Exercise instructions -> From the listing below, restate word for word the lines from the line containing "Image showing Decaying fruit in a dustbin" down through the line containing "Blooming apple tree". Exclude pictures.

:: Information given ::

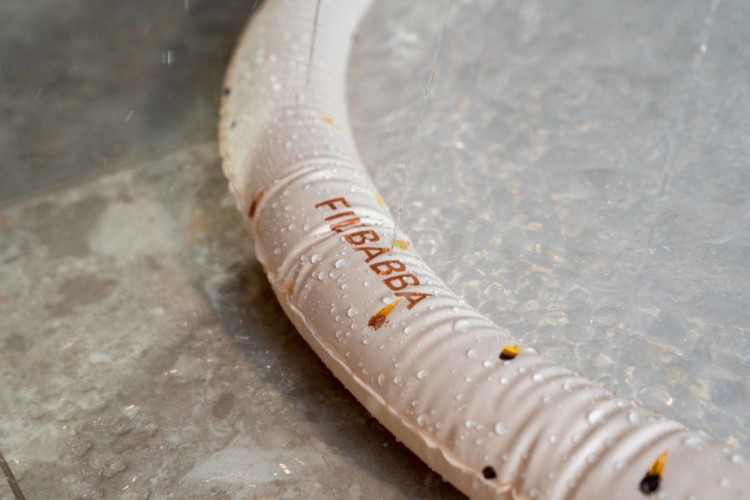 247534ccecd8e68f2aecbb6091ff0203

:::
:: Information given ::

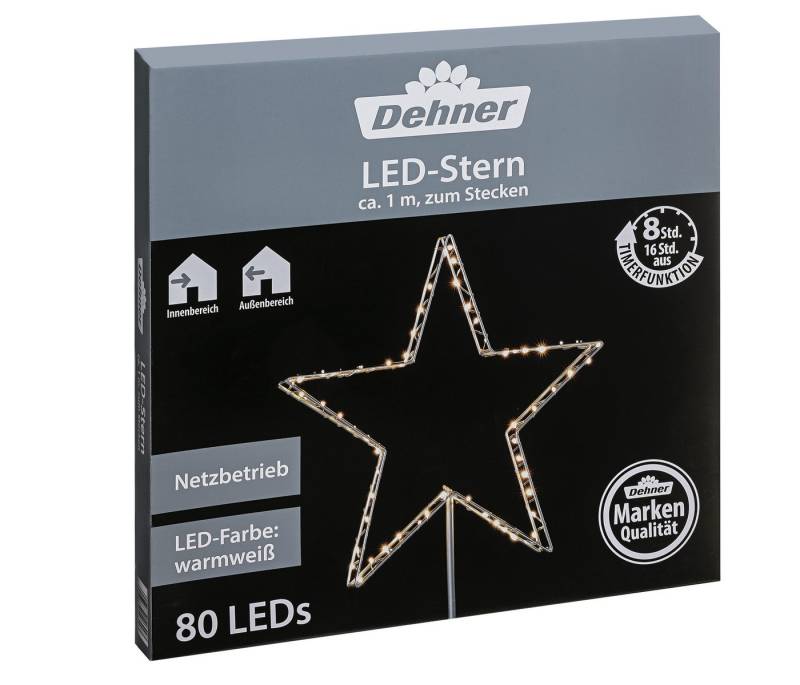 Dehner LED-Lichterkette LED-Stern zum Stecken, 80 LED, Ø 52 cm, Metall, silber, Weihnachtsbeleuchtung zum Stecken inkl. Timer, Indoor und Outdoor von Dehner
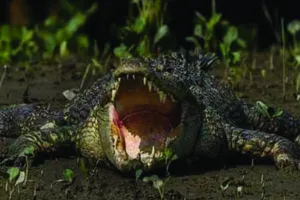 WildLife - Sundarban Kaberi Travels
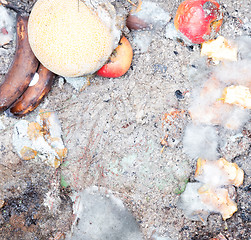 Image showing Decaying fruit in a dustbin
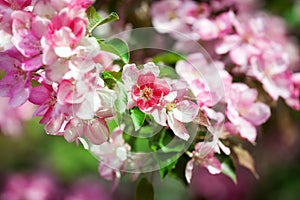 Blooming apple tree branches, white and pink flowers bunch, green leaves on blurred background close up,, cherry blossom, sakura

:::
:: Information given ::

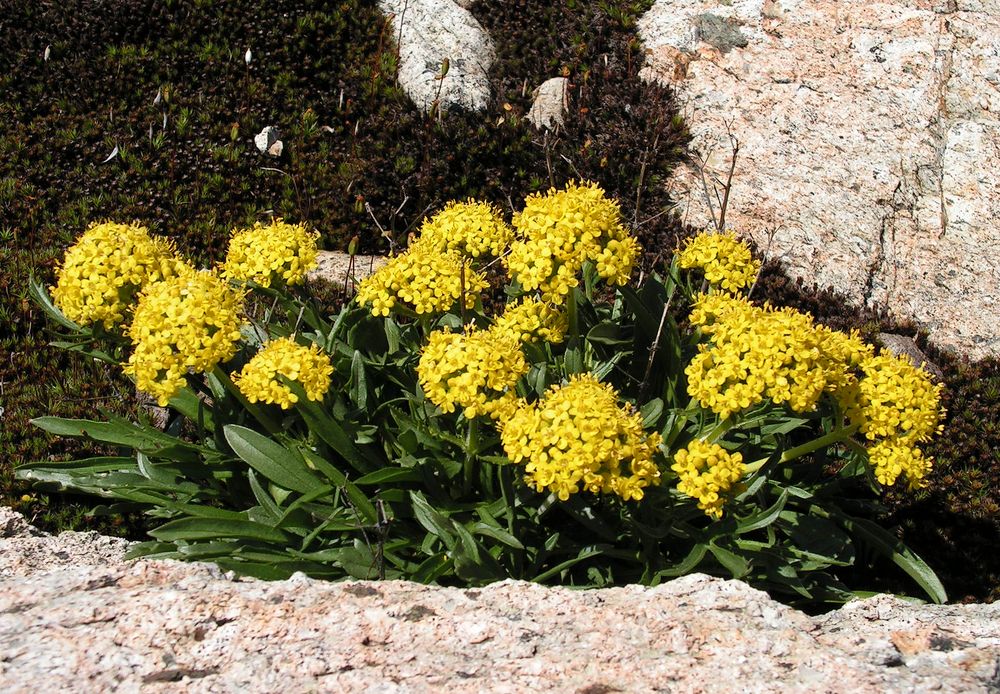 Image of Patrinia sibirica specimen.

:::

Task result ->
 Image showing Decaying fruit in a dustbin
 Blooming apple tree branches, white and pink flowers bunch, green leaves on blurred background close up,, cherry blossom, sakura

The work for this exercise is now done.